Every year in mid-November, magical meteors from the Leonid meteor shower light up Earth’s night sky. Historically, the Leonids have been recorded as the largest “meteor storm”, ever reaching a rate of 50,000 meteors observed per hour.
Such meteor storms are very rare. According to Sky and Telescope magazine, viewers this year can only expect around 10 to 20 meteors per hour on the night of November 17 to early November 18.
MEMORYRUN LEONIDS INFORMATION
Operating time: 6/11-30/11 every year
This year’s peak: 17/11/2017
Origin: Comet Tempel Tuttle
From the constellation: Leo (Leo)
Frequency: 10-20 meteors/hour
WHERE DO THE LEONIDS MEET THE RAIN FROM?
The Leonid meteor shower occurs every November when Earth passes through the orbit of Comet Tempel-Tuttle.
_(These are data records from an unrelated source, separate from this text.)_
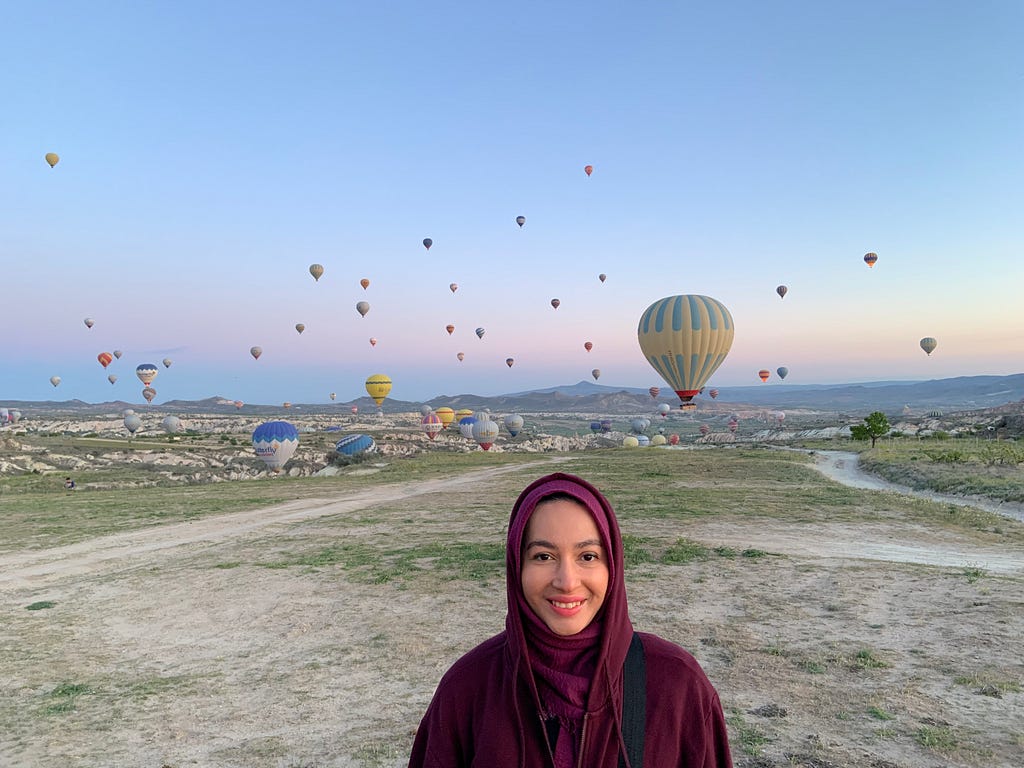 Anisa stands in the forefront wearing a maroon-colored hijab and a smile as dozens of hot air balloons fill the background against a sky at dusk.
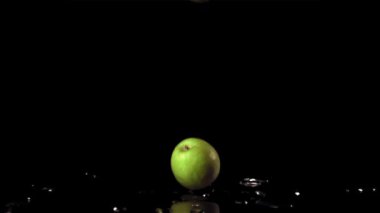 Süper yavaş çekim yeşil elmalar masaya düşer. 1000 fps hızla yüksek hızlı bir kamerayla çekildi..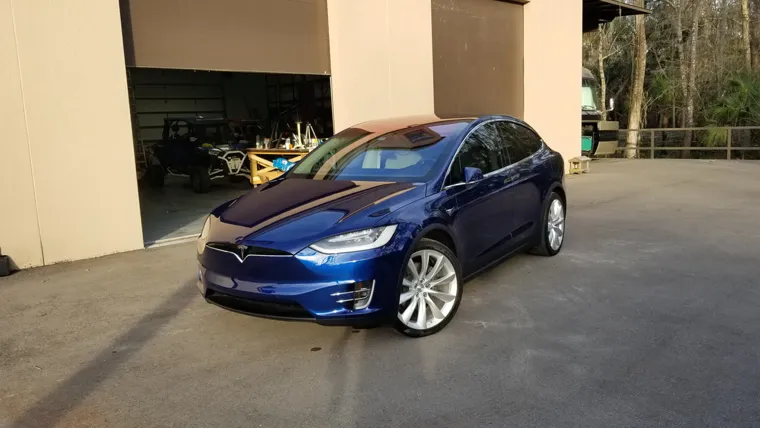 Blue Tesla in the driveway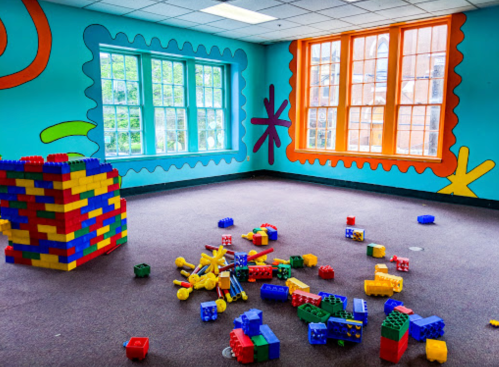 Colorful playroom with vibrant wall murals, scattered building blocks on the floor, and a block tower in the corner.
This comet orbits the Sun every 33.3 years, leaving behind countless dust particles and tiny meteorite fragments.
Once Earth passes through this dusty path, countless fragments of dust and rock rush into Earth’s atmosphere. Air resistance in the atmosphere causes them to heat up and burn into bright meteors.
Due to their very small size, usually the size of a grain of sand or a pea, most burn up before reaching the Earth’s surface.
TIME AND PLACE OF OBSERVATIONS
The Leonid meteor shower peaks on the night of November 17 and early in the morning of November 18, however, some meteor trails can still be seen a few days before or after the peak. The moon only appears for a moment at dusk, so the whole night of observation will not be obstructed by moonlight.